For some, crumpled plastic water bottles, milk cartons, or Popsicle sticks might seem like trash, but for brothers and entrepreneurs Rohit and Sidharth Srinivasan, these common everyday objects represent an opportunity for equitable STEM education. . These and other common elements form the backbone of Trashbots, the Srinivasan brothers’ affordable robotics platform for schools.
“The name came from the idea that we wanted our products to be as accessible as trash,” says Rohit. “There are negative connotations with it, but what we really mean are things like a bottle of water or a carton of milk or things you find around you in the world. That’s what real engineering is – real engineering is being able to find things and reuse them so you can build in the real world.
Trashbots: Inspiration for a Fair Trade Robotics Company
Rohit and Sidharth founded Garbage robots (opens in a new tab) while attending Westlake High School in Texas. They were inspired to create a more accessible robotics platform by their experiences volunteering to teach in India. “We had spent the whole winter vacation going and traveling to these Indian orphanages,” Sidharth said. “We were going to teach them robotics, teach them science activities, math activities.”
During these trips, they learned about some of the barriers to STEM education for many of these children, and it often came down to price. Many robotics kits cost several hundred dollars per kit or more.
Rohit and Sidharth decided to solve this problem. They eventually developed an affordable basic robotics kit that could be expanded by using everyday items as common as trash.

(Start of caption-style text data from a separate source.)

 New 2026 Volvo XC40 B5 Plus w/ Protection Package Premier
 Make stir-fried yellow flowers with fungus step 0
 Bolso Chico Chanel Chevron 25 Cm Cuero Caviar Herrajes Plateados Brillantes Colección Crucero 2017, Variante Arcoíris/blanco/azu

They have also created related programming software and developed a program that teachers can use to guide their students.
“When we started working on it, we were just kids who wanted to learn more about robotics and computing,” Rohit explains.

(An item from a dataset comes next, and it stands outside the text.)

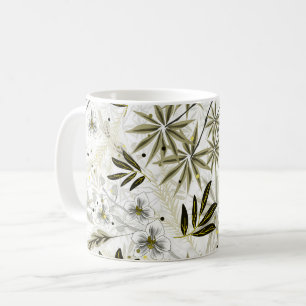Weiße Orchideen mit tropischen Blätter Kaffeetasse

As the product took shape, one of Trashbots’ first customers was the Eanes Independent School District where the two brothers attended school. Rohit graduated in 2019, but Sidharth was still in school when his class used Trashbots. “Sidharth was in the class having to use Trashbots, despite being the creator of Trashbots himself, which we always rethink and think is really funny,” Rohit says.
Affordable equipment and accessible program
Trashbot robot kits are small, book-sized devices equipped with multiple LEDs, six sensors, two motors, and a speaker. However, what makes Trashbot kits special isn’t what they come out of the box with, but how students can customize each one using everyday items.
The hardware is just the first part of the platform Rohit and Sidharth have designed for Trashbots. The second component is the software used by Trashbots. “We developed this block-based software [that] helps kids learn programming concepts at a young age,” says Sidharth. “The third part is the program. Our curriculum is completely web-based and displayed in the learning management system. We have over 100 hours of curriculum that spans K-12.
Students and teachers benefit from easy-to-use, age-appropriate lesson plans designed to help students learn STEM concepts while getting the most out of their Trashbot. The work of repurposing everyday objects to build their robots also more closely mirrors real-world engineering and supports practical problem-solving skills, the brothers say.
“In life, you’re not always given a kit of parts to build everything perfectly,” says Rohit. “Instead, you’re often handed incomplete parts that you need to adjust to work. This is where Trashbots come from.